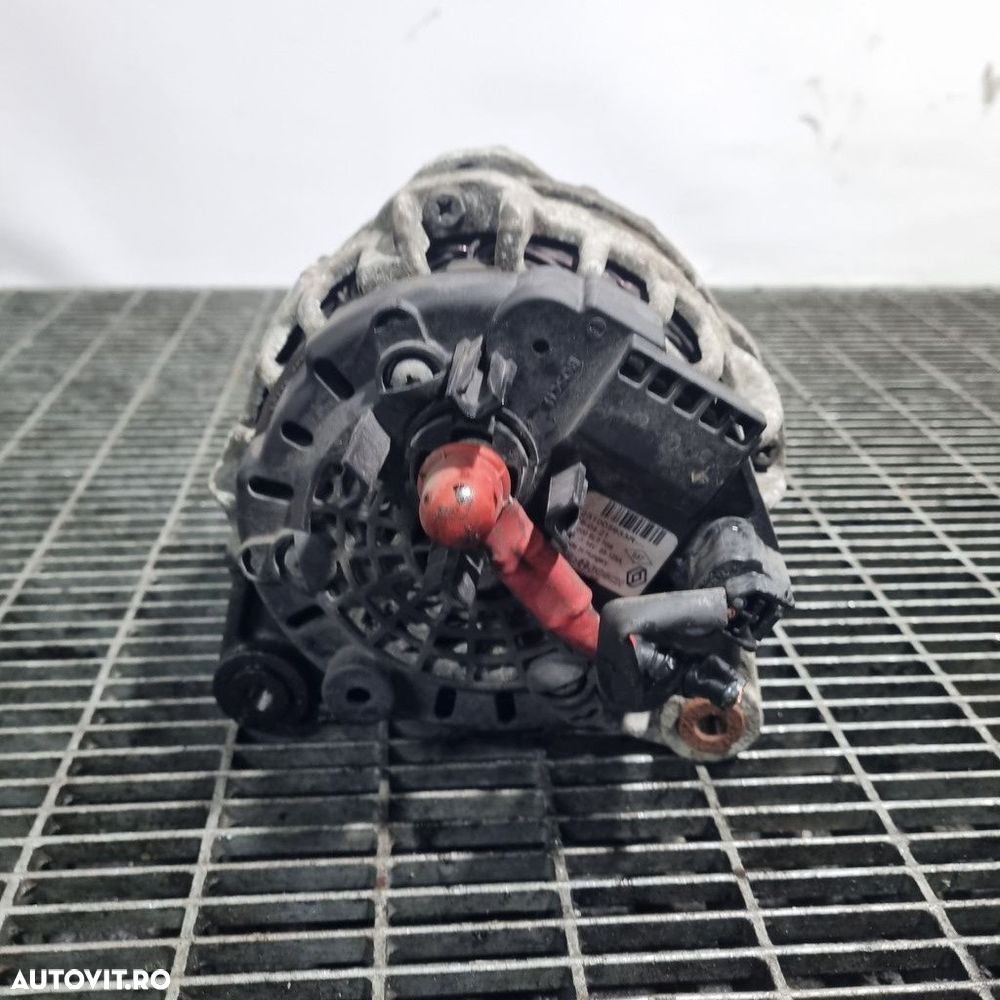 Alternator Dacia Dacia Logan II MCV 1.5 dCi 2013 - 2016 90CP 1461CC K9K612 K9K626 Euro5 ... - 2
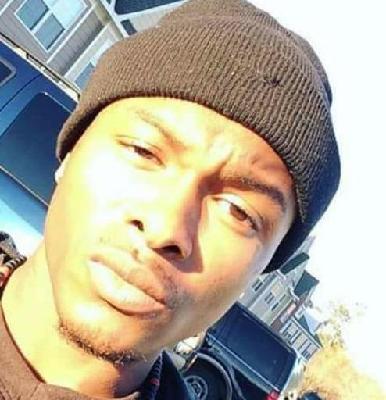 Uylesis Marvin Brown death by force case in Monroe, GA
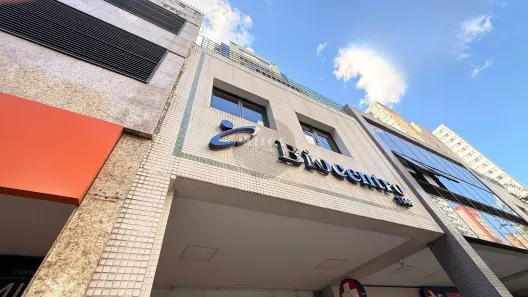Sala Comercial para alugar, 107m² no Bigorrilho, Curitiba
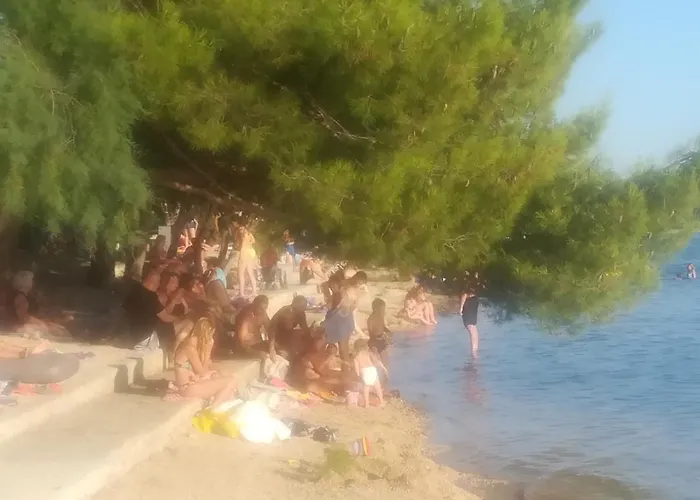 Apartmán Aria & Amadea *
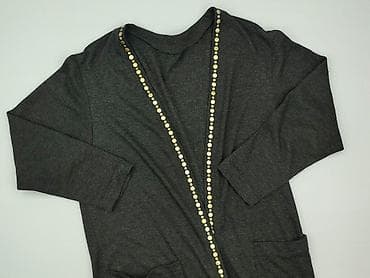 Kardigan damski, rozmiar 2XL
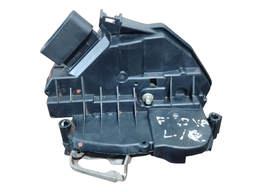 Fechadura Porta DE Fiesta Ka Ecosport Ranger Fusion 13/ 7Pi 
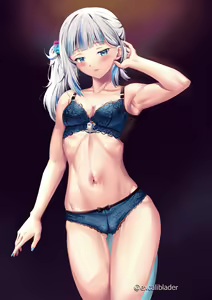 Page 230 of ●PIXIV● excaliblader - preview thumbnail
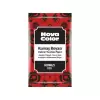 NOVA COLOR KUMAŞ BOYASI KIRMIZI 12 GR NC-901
__________
TASK INSTRUCTIONS =>
Write out a verbatim copy of the lines from the line that contains "Apartmán Aria & Amadea *" through the end of the entries above; pictures are not copied.

TASK RESPONSE =>
 Apartmán Aria & Amadea *
 Kardigan damski, rozmiar 2XL
 Fechadura Porta DE Fiesta Ka Ecosport Ranger Fusion 13/ 7Pi 
 Page 230 of ●PIXIV● excaliblader - preview thumbnail
 NOVA COLOR KUMAŞ BOYASI KIRMIZI 12 GR NC-901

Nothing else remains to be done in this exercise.